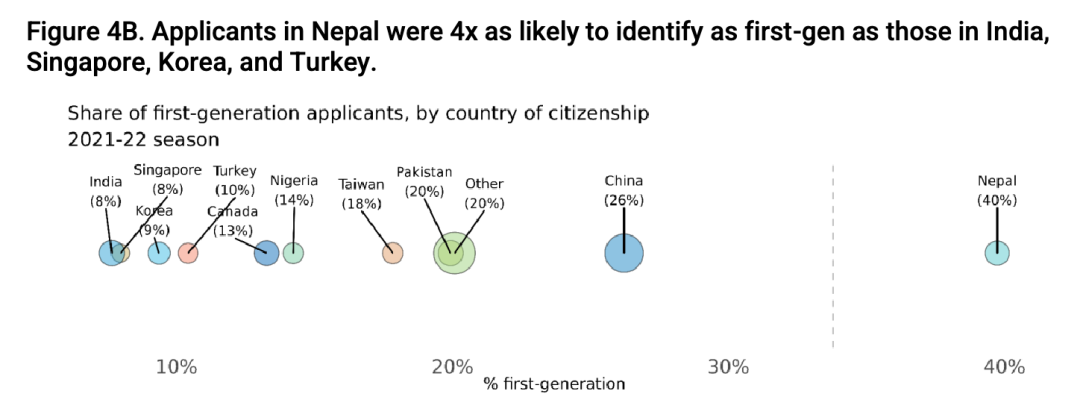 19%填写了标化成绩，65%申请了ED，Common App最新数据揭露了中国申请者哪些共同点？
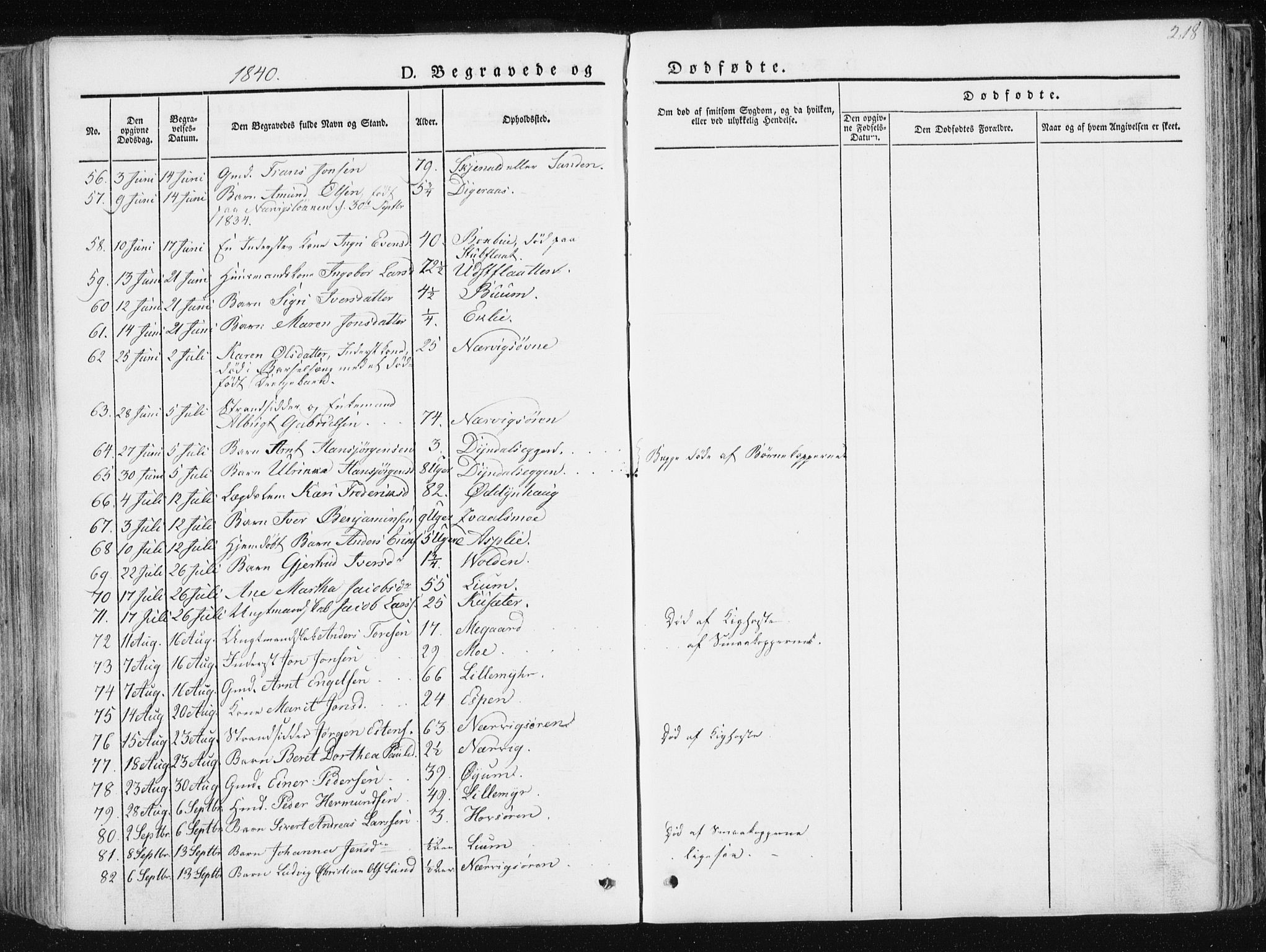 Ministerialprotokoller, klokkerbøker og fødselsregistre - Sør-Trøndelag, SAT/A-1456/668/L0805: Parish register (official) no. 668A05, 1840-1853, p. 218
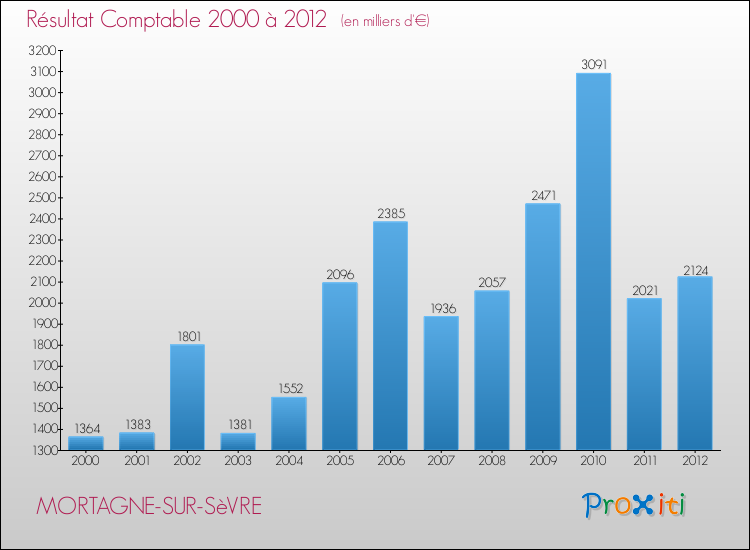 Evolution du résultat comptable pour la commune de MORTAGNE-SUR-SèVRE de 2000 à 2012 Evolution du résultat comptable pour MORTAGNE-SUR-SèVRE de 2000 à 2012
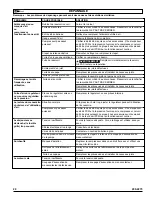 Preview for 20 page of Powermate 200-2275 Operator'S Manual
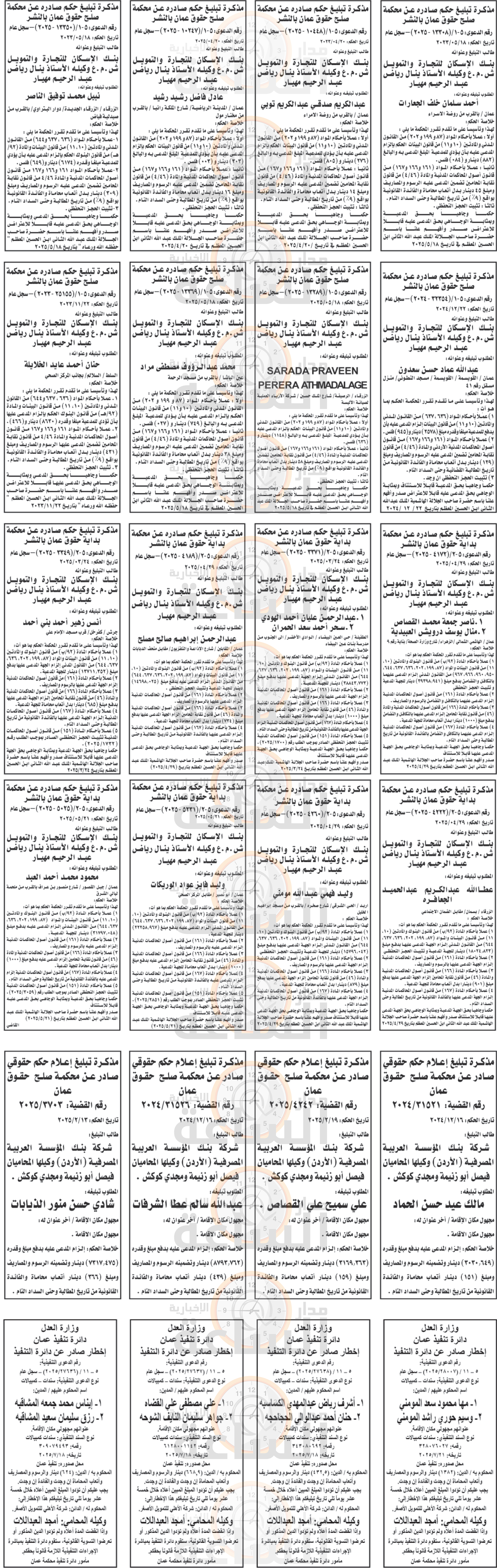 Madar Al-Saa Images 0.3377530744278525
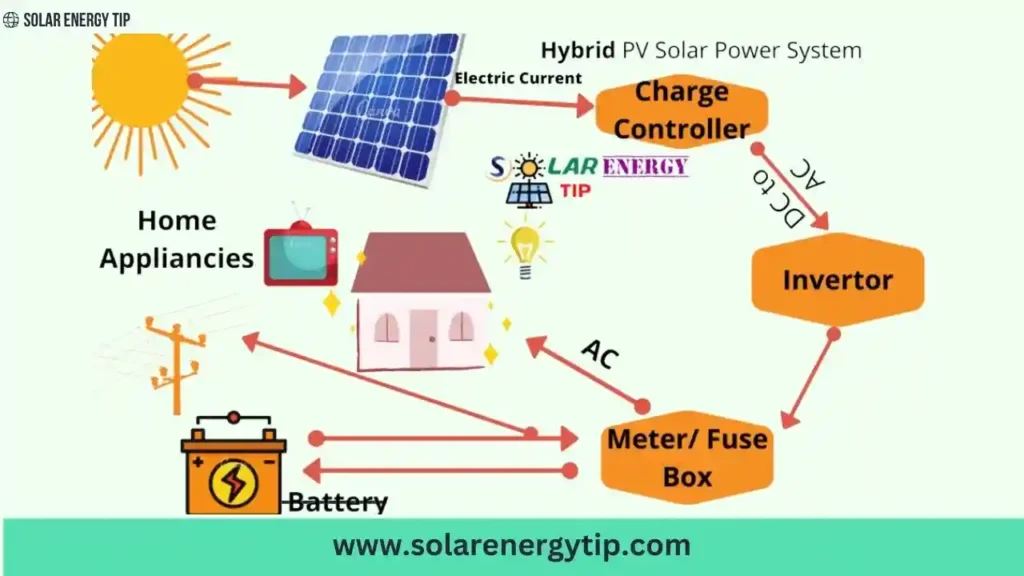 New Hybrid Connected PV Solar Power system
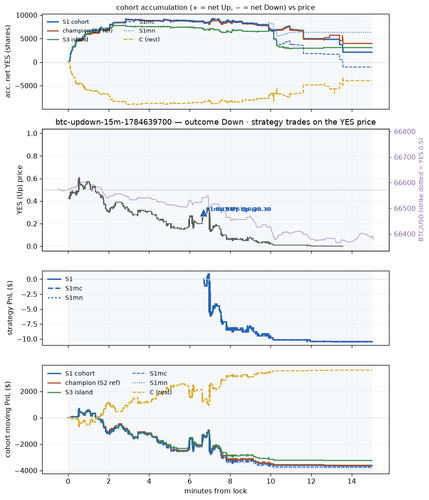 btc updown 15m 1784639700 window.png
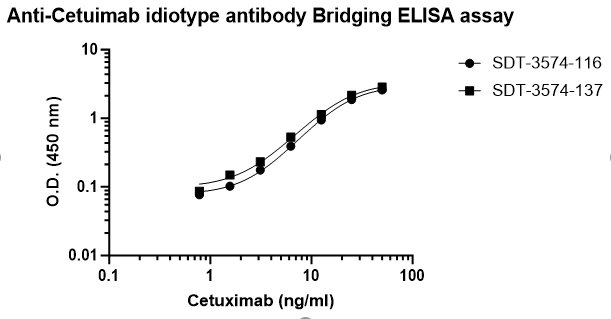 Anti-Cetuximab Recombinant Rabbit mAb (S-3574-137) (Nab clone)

* * *

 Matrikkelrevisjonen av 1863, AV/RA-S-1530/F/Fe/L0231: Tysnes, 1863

# About this exercise:
Find where the line with "19%填写了标化成绩，65%" sits in the material above and where the line with "Anti-Cetuximab Recombinant Rabbit" sits. Set down exactly the lines from the first to the second, both included and nothing else, without pictures.

# Solution to the exercise:
 19%填写了标化成绩，65%申请了ED，Common App最新数据揭露了中国申请者哪些共同点？
 Ministerialprotokoller, klokkerbøker og fødselsregistre - Sør-Trøndelag, SAT/A-1456/668/L0805: Parish register (official) no. 668A05, 1840-1853, p. 218
 Evolution du résultat comptable pour la commune de MORTAGNE-SUR-SèVRE de 2000 à 2012 Evolution du résultat comptable pour MORTAGNE-SUR-SèVRE de 2000 à 2012
 Preview for 20 page of Powermate 200-2275 Operator'S Manual
 Madar Al-Saa Images 0.3377530744278525
 New Hybrid Connected PV Solar Power system
 btc updown 15m 1784639700 window.png
 Anti-Cetuximab Recombinant Rabbit mAb (S-3574-137) (Nab clone)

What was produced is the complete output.